También en nuestros días, cuando ya tenemos un estado propio, un sistema legal y tribunales que actúan de acuerdo a estas leyes, la justicia, la igualdad y la honestidad no son considerados como algo sobreentendido.
También hoy, aun cuando tenemos una economía desarrollada y un ejército de defensa en nuestras fronteras – sin justicia no tenemos vida. La ley y la justicia son parte de las herramientas más importantes para una sociedad cargada de contradicciones y tensiones.
¿Cómo son electos los jueces? La Torá destaca a «el juez que actúe en esos tiempos» y también a los sacerdotes levitas, pero vemos que la ley hebrea de acuerdo a la Torá se basa en la autoridad religiosa.
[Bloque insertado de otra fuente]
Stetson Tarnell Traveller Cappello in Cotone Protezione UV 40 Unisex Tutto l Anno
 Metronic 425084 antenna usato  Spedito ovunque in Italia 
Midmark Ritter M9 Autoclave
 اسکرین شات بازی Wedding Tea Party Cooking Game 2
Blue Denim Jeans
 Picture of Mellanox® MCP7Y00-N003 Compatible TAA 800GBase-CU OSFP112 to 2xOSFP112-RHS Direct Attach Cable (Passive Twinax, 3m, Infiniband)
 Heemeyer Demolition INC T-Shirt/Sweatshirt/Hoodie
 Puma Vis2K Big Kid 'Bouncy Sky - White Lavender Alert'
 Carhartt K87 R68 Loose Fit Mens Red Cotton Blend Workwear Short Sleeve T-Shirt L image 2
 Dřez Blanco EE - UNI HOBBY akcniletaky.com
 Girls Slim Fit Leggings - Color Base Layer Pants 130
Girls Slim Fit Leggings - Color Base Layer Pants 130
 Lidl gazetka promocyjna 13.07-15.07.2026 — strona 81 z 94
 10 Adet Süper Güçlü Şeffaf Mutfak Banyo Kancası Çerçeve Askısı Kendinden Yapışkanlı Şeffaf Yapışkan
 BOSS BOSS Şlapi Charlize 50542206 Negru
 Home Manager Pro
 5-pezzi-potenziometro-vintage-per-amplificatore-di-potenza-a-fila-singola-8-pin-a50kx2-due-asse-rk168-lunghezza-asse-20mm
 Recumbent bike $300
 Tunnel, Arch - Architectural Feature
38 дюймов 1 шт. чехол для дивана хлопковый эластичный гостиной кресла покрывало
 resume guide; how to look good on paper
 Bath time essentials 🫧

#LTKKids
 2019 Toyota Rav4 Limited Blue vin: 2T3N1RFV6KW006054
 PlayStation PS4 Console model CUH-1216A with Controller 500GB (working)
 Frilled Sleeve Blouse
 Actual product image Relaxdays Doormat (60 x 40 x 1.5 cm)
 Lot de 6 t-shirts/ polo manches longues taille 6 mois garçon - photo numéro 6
Son los sacerdotes levitas los que interpretan la voluntad de Dios y modelan el sistema legal en su nombre. No se menciona ninguna posibilidad de mantener un debate sobre las leyes o renovarlas, «… y todo el pueblo escuchará y temerá…»
El capítulo siguiente continúa:
Capítulo 17 – 8 Cuando te fuere dificultoso juzgar un asunto entre sangre y sangre, entre un veredicto y otro, y entre una herida y otra, y surja una controversia profunda en tus ciudades, irás al lugar que eligiere el Eterno tu Dios. 9 Irás a los sacerdotes levitas y al juez que esté en esos días. Los consultarás y te dirán el veredicto del juicio. 10 Harás según lo que te digan en el lugar elegido por el Eterno y cumplirás todo lo que te ordenen. 11 Harás lo que te instruyan de acuerdo a la ley, no te desviarás de lo que te digan a izquierda o derecha. 12 Y aquél que obre adrede y no obedezca al sacerdote que está allí para servir al Eterno tu Dios, o al juez, deberá morir, y así extirparás el mal de Israel; 13 y el pueblo al saberlo temerá al Eterno y no actuarán más con alevosía.
El otorgamiento de la autoridad sobre las leyes al liderazgo religioso, hace peligrar los principios de justicia e igualdad y la exigencia de honestidad. Líderes religiosos por más que sean ilustrados y prodigiosos, siguen siendo humanos, y ninguno de ellos tiene la capacidad y el derecho a describir una disposición o ley como «el deseo de Dios». Desde la aparición en la cultura humana del principio de democracia que conquistó su lugar al lado del principio del imperio de la ley, nació el principio de la separación de la religión del estado, como fundamento práctico necesario para la existencia del estado moderno. El joven Estado de Israel se abstuvo de aplicar este importante principio, hecho que produce hasta el presente agitaciones y enfrentamientos en nuestra sociedad, que la mayoría de sus ciudadanos no mantiene una forma de vida religiosa, y no basan su pensamiento en la creencia divina.